Use rapid ethnography, field research, and in-depth onsite evaluations
to understand the context of work or engagement within which your
product will be adopted.
Use research methods that fit your projects and organizations.
Review the methods used by innovation leaders in your industry
to advance your UX research practices. Select from these to inform
product decisions during the design process (use brief, iterative
phases or parallel customer research if necessary to manage scheduling).
Find ways to (simply) communicate the in-depth discoveries
about your users and communities. Draw up personas (profiles),
workflow scenarios, and rich pictures from your research findings.
Build a user experience knowledge base that contributes to new
design thinking from your team “living with” representations
drawn from real user experience.
When researching user experience, consider all the touchpoints
and interactions surrounding the product, including its initial
discovery, the initial interpretations about its use, and the
impact of brand on experience and perception. Learn about the
full lifecycle of customer experience - how the product will be
found, shared, reused, or returned to over time.
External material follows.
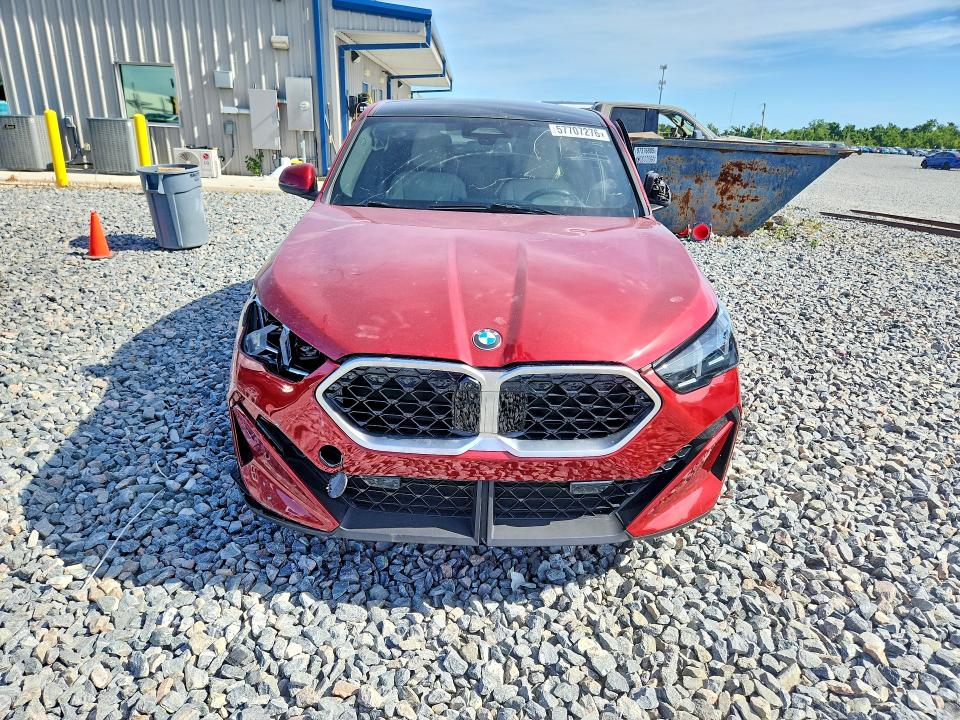 Продаж на аукціоні авто 2025 Bmw X2, vin: WBX63GM09S5146927, номер лоту: 57707276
It takes time to introduce new approaches and absorb new methods
and design languages such as those developed from UX. Learn what
elicits the best results from your user constituency, Allow your
teams time to integrate user experience approaches into processes
and projects. A repeatable UX process specifically designed for
your business needs becomes a powerful competitive advantage.
References:
1John McCarthy and Peter Wright, Technology as Experience,
MIT Press, 2004.
2Eric von Hippel, Democratizing Innovation,
MIT Press, 2005.
3Terry Winograd and Fernando Flores, Understanding
Computers and Cognition: A New Foundation for Design, Ablex,
1996.
Peter H. Jones, Ph.D. is managing principal
of Redesign
Research, a practice for interactive product design, customer
research and innovation strategy. As a design/research consultant
for over 15 years, he has designed custom and commercial products,
websites, and information services in the automotive, telecom, legal,
scientific, and information services industries. Dr. Jones authored
Team Design: A Practitioner’s Guide to Collaborative Innovation
(2002) and publishes business and scientific articles as an independent
researcher.
This article appeared in the August
2005 eBulletin.
Feedback on DMI Viewpoints and article proposals
are always welcome! Please email jtobin@dmi.org.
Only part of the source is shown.